This design implements high availability (HA) at multiple levels through a combination of hardware redundancy and software support.
- Hadoop storage resiliency
- CDP HDFS implements data resiliency through replication and erasure coding. The HDFS implementation understands node and rack locality, and distributes data to minimize the impact of a node- or rack-level failure.
- HDFS highly available NameNodes
- This design implements high availability for the HDFS directory through a quorum mechanism that replicates critical NameNode data across multiple physical nodes.
- Network resiliency
- The production network can optionally use bonded connections to pairs of switches in each pod. Pod-level switches should use redundant connections to switch pairs at the aggregation level. This configuration provides increased bandwidth capacity and allows operation at reduced capacity if a network port, network cable, or switch fails.
- Resource manager high availability
This design supports high availability for the
Hadoop YARN resource manager. Without resource manager HA, a
Hadoop resource manager failure causes running jobs to fail. If there is a resource manager failure, jobs can continue running when resource manager HA is enabled.
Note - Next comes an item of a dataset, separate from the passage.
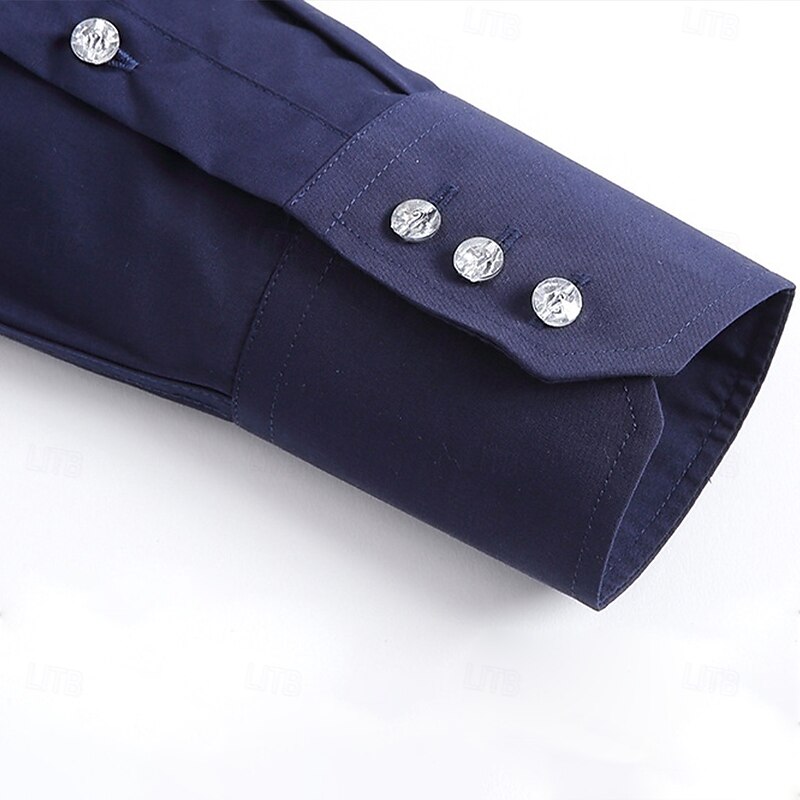 Men's Dress Shirt Non Iron Shirt Wrinkle Resistant Plain Wedding Outdoor Navy Blue Long Sleeve Point Summer Spring Clothing Apparel3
Note: Dell Technologies recommends resource manager HA for production clusters.
- Database server high availability
This design supports high availability for the operational databases. The database server that is used for the
Cloudera Manager operational and metadata databases stores its data on a RAID 6 or 10 partition. If there is a drive failure, that partition provides storage reliability. Database server high availability can be implemented using:
Note: Dell Technologies recommends implementing HA for the database server.
- One or more additional PostgreSQL instances on other nodes in the cluster
- An external, high availability database server